Pada hari Valentine, saya ada janji tukaran coklat dengan teman-teman di kelas. Ketika sedang membungkus kado pada pagi hari, seorang teman menyindir saya. “Apa sih arti cinta menurut kamu?” Saya hanya tertawa meresponnya dan terus membungkus kado agar terkesan indah dan menawan.
Tapi hari ini sebelum ikut acara tukaran kado di kelas, saya ada janji
bertemu dengan seorang teman. Sudah lama kami tidak berjumpa dan
kebetulan dia datang ke kota ini, tentu saya coba menyediakan waktu
untuk bertemu dengannya.
Namanya Renza.
Dulunya kami teman sekolah menengah, tinggal bersama di sebuah asrama
selama 4 tahun. Setelah tamat SMA kami berpisah dan tidak pernah bertemu
sampai sekarang. Sudah menghampiri enam tahun.
Setahu saya dia orang yang punya selera humor yang tinggi, rajin, dan
kadang-kadang menjadi pendiam yang tiba-tiba. “Dia kayaknya lagi
memirkan sesuatu tuh.” kata teman-teman kalau dia tiba-tiba menjadi pendiam, jauh dari biasanya.
Kabar terakhir tentangnya memang menyedihkan.
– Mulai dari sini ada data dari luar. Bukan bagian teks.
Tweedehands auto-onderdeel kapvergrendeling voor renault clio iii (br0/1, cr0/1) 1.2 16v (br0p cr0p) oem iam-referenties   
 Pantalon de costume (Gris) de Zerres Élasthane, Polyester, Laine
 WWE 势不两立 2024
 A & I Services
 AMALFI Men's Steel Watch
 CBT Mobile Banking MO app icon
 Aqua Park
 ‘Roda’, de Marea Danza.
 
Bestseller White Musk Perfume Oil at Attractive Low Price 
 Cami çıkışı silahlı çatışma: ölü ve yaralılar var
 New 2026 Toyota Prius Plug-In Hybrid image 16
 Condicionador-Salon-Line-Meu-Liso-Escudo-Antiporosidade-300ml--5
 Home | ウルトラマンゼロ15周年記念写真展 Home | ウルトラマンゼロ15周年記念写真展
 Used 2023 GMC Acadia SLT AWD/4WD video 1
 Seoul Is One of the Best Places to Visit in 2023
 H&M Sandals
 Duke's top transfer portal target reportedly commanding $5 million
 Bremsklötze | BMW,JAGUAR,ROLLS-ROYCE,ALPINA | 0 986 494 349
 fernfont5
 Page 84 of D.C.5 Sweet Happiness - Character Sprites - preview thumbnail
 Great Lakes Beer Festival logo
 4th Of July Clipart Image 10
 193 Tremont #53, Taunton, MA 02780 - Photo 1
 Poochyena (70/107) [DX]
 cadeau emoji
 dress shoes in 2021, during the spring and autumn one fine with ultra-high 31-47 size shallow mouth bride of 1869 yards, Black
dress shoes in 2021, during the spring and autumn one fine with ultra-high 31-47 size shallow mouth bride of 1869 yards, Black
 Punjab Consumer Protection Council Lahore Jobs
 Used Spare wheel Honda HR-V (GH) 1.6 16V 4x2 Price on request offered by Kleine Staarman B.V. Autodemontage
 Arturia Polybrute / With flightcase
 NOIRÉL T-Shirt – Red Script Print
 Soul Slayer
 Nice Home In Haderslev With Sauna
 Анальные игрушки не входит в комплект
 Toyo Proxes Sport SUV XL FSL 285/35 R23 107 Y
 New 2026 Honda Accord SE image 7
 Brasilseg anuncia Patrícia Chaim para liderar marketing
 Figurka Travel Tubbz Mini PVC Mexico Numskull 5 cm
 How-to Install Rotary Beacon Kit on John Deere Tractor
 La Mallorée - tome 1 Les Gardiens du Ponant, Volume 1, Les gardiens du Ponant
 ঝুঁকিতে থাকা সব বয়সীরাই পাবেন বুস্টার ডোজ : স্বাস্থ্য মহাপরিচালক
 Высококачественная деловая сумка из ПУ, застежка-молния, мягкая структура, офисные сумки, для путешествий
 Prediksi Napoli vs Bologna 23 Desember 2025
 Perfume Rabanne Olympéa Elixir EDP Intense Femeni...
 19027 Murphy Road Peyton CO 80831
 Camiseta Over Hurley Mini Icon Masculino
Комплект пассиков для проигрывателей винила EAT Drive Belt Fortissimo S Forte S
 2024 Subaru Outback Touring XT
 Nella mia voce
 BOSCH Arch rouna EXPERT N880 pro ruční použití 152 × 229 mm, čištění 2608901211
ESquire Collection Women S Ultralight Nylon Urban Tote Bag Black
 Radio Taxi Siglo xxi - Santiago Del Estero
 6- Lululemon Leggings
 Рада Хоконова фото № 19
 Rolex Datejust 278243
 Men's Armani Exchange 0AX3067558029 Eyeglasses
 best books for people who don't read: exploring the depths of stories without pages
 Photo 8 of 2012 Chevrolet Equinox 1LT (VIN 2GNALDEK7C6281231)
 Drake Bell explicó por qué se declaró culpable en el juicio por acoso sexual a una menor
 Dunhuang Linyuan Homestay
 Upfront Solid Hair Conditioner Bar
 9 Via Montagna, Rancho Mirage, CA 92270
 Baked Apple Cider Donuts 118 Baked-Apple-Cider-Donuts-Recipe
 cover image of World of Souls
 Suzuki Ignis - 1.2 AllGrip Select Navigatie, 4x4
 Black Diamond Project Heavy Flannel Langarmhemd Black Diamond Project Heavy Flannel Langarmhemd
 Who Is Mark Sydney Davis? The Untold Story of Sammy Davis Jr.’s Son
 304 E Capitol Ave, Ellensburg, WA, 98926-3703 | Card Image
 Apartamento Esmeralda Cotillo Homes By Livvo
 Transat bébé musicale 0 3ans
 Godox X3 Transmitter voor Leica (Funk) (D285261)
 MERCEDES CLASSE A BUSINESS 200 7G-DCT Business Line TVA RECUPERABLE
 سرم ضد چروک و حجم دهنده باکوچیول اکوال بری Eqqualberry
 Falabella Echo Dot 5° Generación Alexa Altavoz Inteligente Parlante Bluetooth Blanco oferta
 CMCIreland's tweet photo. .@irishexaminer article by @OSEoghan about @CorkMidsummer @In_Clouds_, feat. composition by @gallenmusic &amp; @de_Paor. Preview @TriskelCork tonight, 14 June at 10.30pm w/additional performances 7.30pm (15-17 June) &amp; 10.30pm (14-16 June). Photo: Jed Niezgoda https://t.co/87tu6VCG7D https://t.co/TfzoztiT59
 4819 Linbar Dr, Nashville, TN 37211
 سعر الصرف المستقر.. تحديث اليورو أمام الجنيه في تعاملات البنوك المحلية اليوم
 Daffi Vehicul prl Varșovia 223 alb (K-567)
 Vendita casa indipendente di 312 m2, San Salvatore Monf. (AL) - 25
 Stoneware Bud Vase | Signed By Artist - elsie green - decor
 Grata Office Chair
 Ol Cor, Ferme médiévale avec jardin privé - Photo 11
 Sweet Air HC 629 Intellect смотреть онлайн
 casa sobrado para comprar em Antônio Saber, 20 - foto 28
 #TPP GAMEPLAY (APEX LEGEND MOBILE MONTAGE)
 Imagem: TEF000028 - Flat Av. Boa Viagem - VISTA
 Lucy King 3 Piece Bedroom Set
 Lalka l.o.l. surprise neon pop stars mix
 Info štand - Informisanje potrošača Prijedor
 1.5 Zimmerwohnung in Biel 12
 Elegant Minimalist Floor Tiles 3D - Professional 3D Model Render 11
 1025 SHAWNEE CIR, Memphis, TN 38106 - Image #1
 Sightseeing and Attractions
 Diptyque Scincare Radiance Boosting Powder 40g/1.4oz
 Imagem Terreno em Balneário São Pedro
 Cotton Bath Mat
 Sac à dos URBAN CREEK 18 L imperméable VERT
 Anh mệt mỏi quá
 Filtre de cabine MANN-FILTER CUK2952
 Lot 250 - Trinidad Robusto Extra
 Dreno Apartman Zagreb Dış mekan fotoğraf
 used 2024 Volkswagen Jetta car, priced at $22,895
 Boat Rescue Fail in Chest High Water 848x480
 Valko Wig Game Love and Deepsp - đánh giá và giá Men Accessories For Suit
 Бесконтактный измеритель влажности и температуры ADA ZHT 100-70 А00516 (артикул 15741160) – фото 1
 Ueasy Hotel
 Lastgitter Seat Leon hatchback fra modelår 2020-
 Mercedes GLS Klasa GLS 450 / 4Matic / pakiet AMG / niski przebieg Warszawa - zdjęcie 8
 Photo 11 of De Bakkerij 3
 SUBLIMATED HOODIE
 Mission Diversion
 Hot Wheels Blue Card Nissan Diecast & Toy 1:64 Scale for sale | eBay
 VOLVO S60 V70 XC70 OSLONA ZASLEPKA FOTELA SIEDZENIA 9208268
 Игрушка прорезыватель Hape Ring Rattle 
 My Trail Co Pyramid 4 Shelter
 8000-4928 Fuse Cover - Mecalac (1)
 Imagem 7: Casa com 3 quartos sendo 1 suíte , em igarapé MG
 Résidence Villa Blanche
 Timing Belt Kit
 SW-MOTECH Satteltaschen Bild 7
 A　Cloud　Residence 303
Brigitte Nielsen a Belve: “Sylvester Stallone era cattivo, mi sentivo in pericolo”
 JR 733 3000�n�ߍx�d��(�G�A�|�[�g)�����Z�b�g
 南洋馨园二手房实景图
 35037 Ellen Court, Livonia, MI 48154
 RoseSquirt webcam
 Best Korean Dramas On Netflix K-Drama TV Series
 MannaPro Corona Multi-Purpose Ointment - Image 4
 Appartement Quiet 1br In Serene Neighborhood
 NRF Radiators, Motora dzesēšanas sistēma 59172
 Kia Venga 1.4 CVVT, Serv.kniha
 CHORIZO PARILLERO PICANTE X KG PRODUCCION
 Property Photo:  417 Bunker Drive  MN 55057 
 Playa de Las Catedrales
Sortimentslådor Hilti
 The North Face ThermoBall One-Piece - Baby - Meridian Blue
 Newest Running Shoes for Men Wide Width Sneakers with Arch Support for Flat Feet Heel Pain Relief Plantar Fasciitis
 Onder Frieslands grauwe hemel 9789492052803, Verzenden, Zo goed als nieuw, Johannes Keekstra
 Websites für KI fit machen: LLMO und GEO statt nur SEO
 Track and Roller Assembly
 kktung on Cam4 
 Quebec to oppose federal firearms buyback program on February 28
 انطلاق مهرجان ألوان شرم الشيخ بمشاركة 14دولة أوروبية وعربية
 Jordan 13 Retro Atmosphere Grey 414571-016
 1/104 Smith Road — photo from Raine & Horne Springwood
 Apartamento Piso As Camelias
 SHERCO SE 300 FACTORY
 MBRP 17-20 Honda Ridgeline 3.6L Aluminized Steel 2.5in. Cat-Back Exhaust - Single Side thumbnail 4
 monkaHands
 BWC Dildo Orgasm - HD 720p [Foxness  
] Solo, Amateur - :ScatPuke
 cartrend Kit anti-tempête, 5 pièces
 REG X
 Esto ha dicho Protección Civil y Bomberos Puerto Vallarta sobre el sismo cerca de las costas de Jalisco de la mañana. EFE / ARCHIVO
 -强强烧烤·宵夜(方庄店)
Setelah tamat SMA dia
jatuh sakit. Badannya kurus. Beberapa kali dioperasi di rumah sakit. Dan
terpaksa tidak melanjutkan kuliahnya. Tapi kemudian dia pulih kembali.
Suatu waktu saya chatting dengannya melalui facebook. Dan saya menanyainya.
“Aduh rumit kalau diceritakan di sini. Nanti sajalah.” Katanya tidak mau membahas tentang penyakitnya itu.
******
Saya pun berangkat ke tempat yang kami janjikan. Di sana dia sudah
menunggu. Rambut keritingnya keliatan menarik ketika dibiarkan panjang
dan dilihat dari jarak jauh. Badannya kelihatan berisi dan wajahnya
putih dan cerah.
“Sudah lama menunggu?”
“Tidak. hanya sejak satu jam yang lalu”
Untuk kedua kalinya disindir hari ini. Tapi kali ini saya harus tertawa ngakak. Dan satu hal yang jelas, dia belum berubah. Selera humornya masih tercium.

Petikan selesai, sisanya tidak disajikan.